Judd Moldaver, Matthews’ agent, said it was easy to bring together two of the top players in hockey.
“They knew each other dating back to the 2016 World Cup of Hockey when they were teammates with Team North America,” Moldaver said. “I wouldn’t call them besties, but they’re good friends and they had a great time. There were rounds of golf, dinners and, of course, the time on the ice.”
They drove each other relentlessly to make each other better. In McDavid’s case, one of the focal points was learning about Matthews’ quick release.
“Everyone’s a good player,” McDavid said. “You’ve got to be always growing your own game. I definitely worked on my shot. Being able to spend time in Arizona was something I valued a lot, and I definitely learned.”
Matthews said, “It’s no secret that he is a special player. He’s the best player in the League for a reason, so I thought it was great being able to spend some time with him, being on the ice. Just being around him, he’s a great guy. We really enjoyed ourselves.”
So did Doan.
“I was in the NHL a long time, and to see Connor skate full speed and stick-handle the way he can, to see the way Auston can shoot, well, to say it was impressive was an understatement,” he said. “And they pushed each other. They competed hard against each other in every drill and were trying to absorb information from each other. Very, very special players.”
Maple Leafs defenseman Travis Dermott has firsthand knowledge of each player.
Dermott grew up with McDavid in Newmarket, a city 35 miles north of Toronto, and played minor hockey with him. Practicing against McDavid as a kid, and against Matthews with the Maple Leafs, Dermott is an expert on just how skilled each of them can be.
“When I was younger, I’d always wanted to go against Connor because I knew that it was going to make me better,” Dermott said. “When you are going against the best player out there, you’re always learning things about your game. The same goes with going against Matthews.
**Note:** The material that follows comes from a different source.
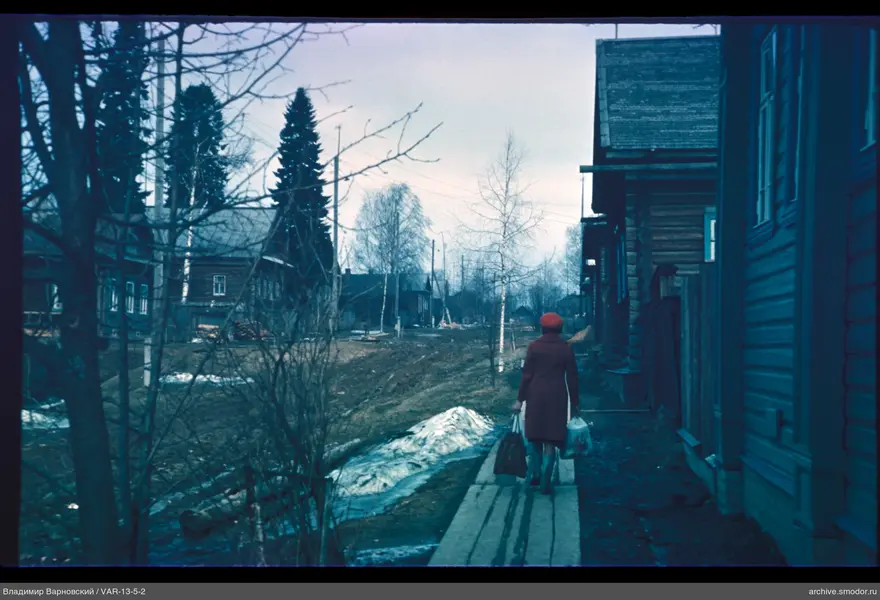 Woman in red on wooden street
I know every time I’m going against them I’m getting better.”
Dermott said the Toronto forwards will have to help slow McDavid before he gets into high gear because his elite speed is difficult to handle.
“Both of those guys can be exciting to watch, especially this season with how many times we get to play each other,” he said. “I think it’s going to be pretty special for fans.”
Joseph, who played 943 NHL games, knows McDavid well from when he was a linemate of Joseph’s son, Tristan, in minor hockey and lacrosse. The boys often played shinny at the custom-made rink Joseph had inside a barn at his ranch north of Toronto.
Joseph is now an ambassador with the Maple Leafs and also well acquainted with Matthews’ talents.
“Connor’s always been a Houdini with the puck,” Joseph said. “He was a phenom the moment I saw him. He was always a special talent, two or three years ahead of his age group. And Auston (6-foot-3, 220 pounds) is just such a physical specimen, a combination of size, strength and skill. Impressive.”
It’s the type of elite matchup that has Keefe intrigued, even with having to devise a game plan to try to slow McDavid down.
“They are special talents,” Keefe said. “It’s fun, in our case, to coach Auston. But just to be behind the bench for these games is great.”